Ben bileti iptal etmekten vazgeçtim.Oda biletini aldı.İlk önce perona,daha sonrada trene bindik.Vakit gelincede tren hareket etti.Bir saatlik yolculuktan sonra izmit istasyonuna geldik.Buraya gelene kadar vaktin nasıl geçtiğini anlamadım.Burhan la ne çok konuşacaklarımız varmış.İki günlük görüşmememizin ardından bayaa gündem biriktirmişik.Peki gündemimiz ne? Tabiki futbol.
Tren istasyondan yavaş yavaş uzaklaşırken,bizim yaşlarda iki gençin bize doğru geldiğini fark ettik.Yanımıza gelince durup,geçmek için bizden müsaade istediler.Trenin koridorları iki kişinin yan yana durmasına müsade etmiyor.Bizde geçmeleri için yol verdik. Fakat geçmeden durup trenin diğer camını açtılar.Nedense bu iki genç bize tanıdık geldi.Bunuda kendi aramızda konuştuk burhanla.Neşeliler.Güzel bir şeyle karşılaşmışlar gibi yerlerinde duramıyorlar.Biz onlara pür dikkat kesilmişken,onlarda bu durumumuzun farkında.Hangisi olduğunu hatırlamıyorum”
“Abi hayırdır? Birilerinemi benzettiniz?”
Burhan daha fazla dayanamadı ve bana cevap verme fırsatı vermedi.

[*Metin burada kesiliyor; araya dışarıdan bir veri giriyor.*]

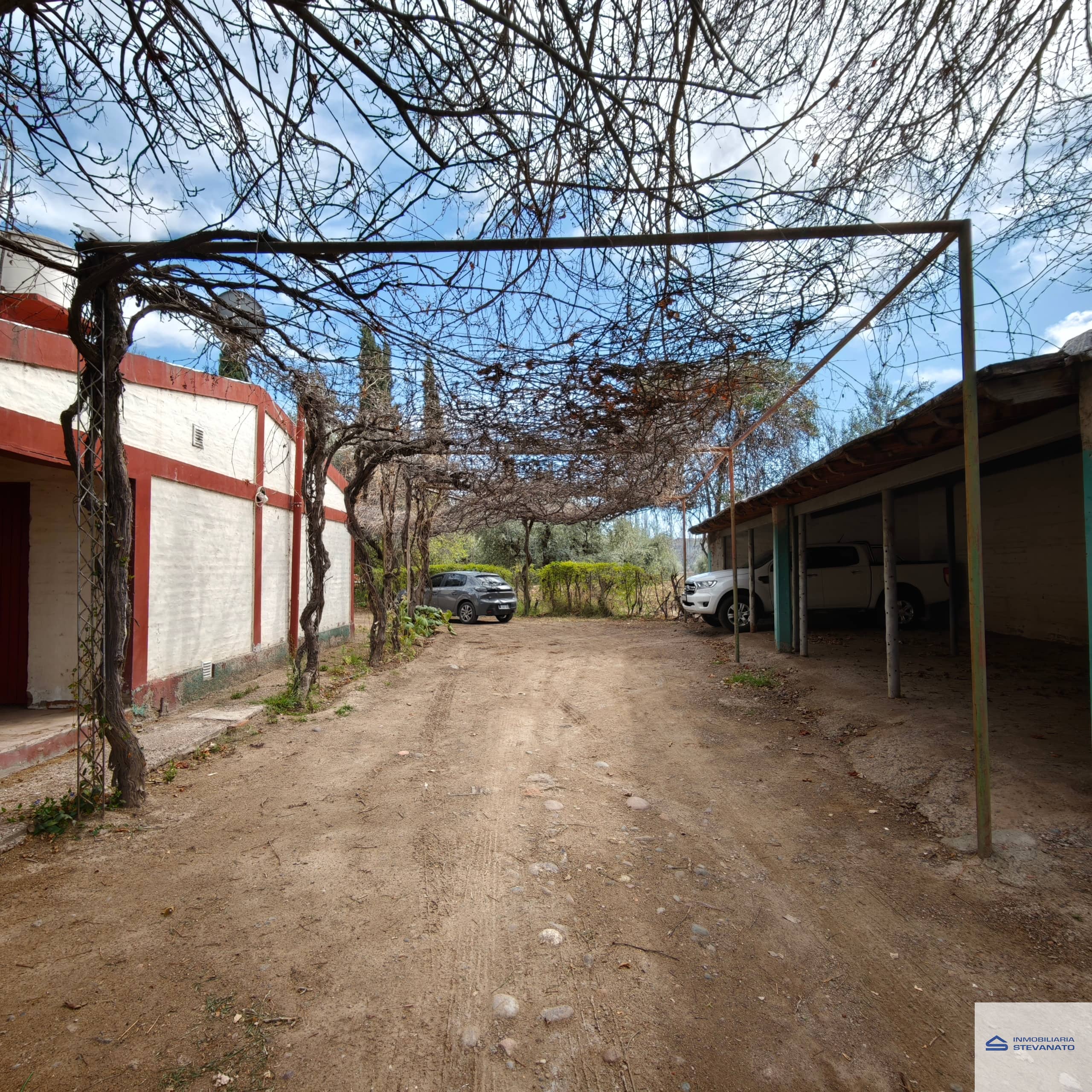Casa en venta de 3 dormitorios c/ cochera en Lunlunta - foto 3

“Hayırdır arkadaşlar.Birilerine benzetiyoruz ama çıkartamadık.Maşaallah çok neşelisiniz.”
Bir birlerinin yüzüne bakarak gülümsediler.

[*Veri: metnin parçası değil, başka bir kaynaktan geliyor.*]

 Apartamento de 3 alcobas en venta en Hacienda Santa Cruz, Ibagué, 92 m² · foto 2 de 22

“Doğru söylüyorsun abi.Bu gün bizim için dönüm noktası.Önemli bir gün.”
Bir anda beynimde şimşekler çaktı.Ben tanımıştım onları.Tam siz diyecek oldumki,diğeri araya girdi.
“Abi tanıdı herhade.”
Diyerek arkadaşını dirseği ile dürttü.
“Sizinle sevincemizi paylaşmamızı istermisiniz?”
“İsteriz”diyerek cevap verdim.
Bu kez anlatmaya diğer arkadaşı başladı.
“Abi biz sakaryalıyız.Sakarya sporda oynuyorduk.”

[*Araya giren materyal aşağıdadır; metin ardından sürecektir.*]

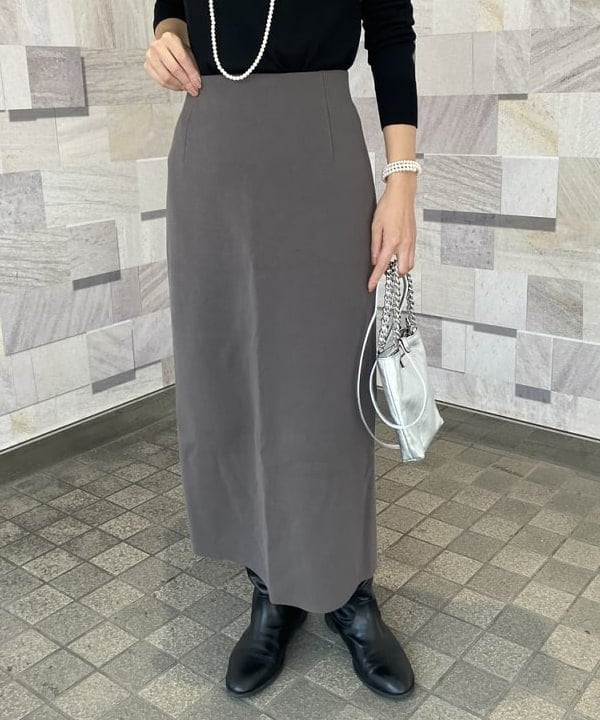 内山 瑛美さんの「シンプル タイト ニットスカート .M.」を使ったコーディネート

“Oynuyorduk dedin!Yoksa futbolumu bıraktınız?”
“Yok be abi,futbolu bırakmış değiliz.Abi bizi tanıdıda sen bizi tanımadın.”
“Vallahi tanımadım.Eee devam et.”
“Biz fenerbahçeye transfer olduk.Bu günde imza attık.Bu yüzden sevinçliyiz.”
Yeni tanıştığımız bu gençlerin fenerbahçeye transfer olduğunu duyan burhanın gözleri patladı sanki.Fanatik bir taraftar burhan.”Damarımı kesseler sarı lacivert akar.”diyen biri.
“Demek fenere transfer oldunuz.Vallahi billahi çok sevindim.”diyerek,tek tek ikisi ile sarıldı burhan.Daha sonra bende sarıldım.Sevinçlerine ortak olduk.
“Artık bizim maçlarımıza gelirsiniz herhalde.”
“Tabiki geliriz.Neden gelmeyelim.”dedim.
Burhan ise;
“Sizin isimleriniz neydi.İsimlerinizi bağışlasanız?”
Biraz, yaşça büyük olanı;
“Benim adım Oğuz çetin.Arkadaşımınki de Aykut kocaman.Ya sizlerin ismi ne?”
Tren arifiye istasyonuna gelmek üzere.Tanıştığımız arkadaşlarımız trenden inmek indi.Aradan geçen otuzüç yıl onlarla tanıştığım o günü hiç unutmadım.O mütavazi,efendi gençlerin bir gün çok başarılı olacaklarını tahmin etmiş gibi,onlar trenden inerken arkalarından;
“Size güveniyorum.Çok başarılı olacağınızdan da eminim.Allah yolunuzu açık etsin.”demiştim.Onlarda başarılı oldular.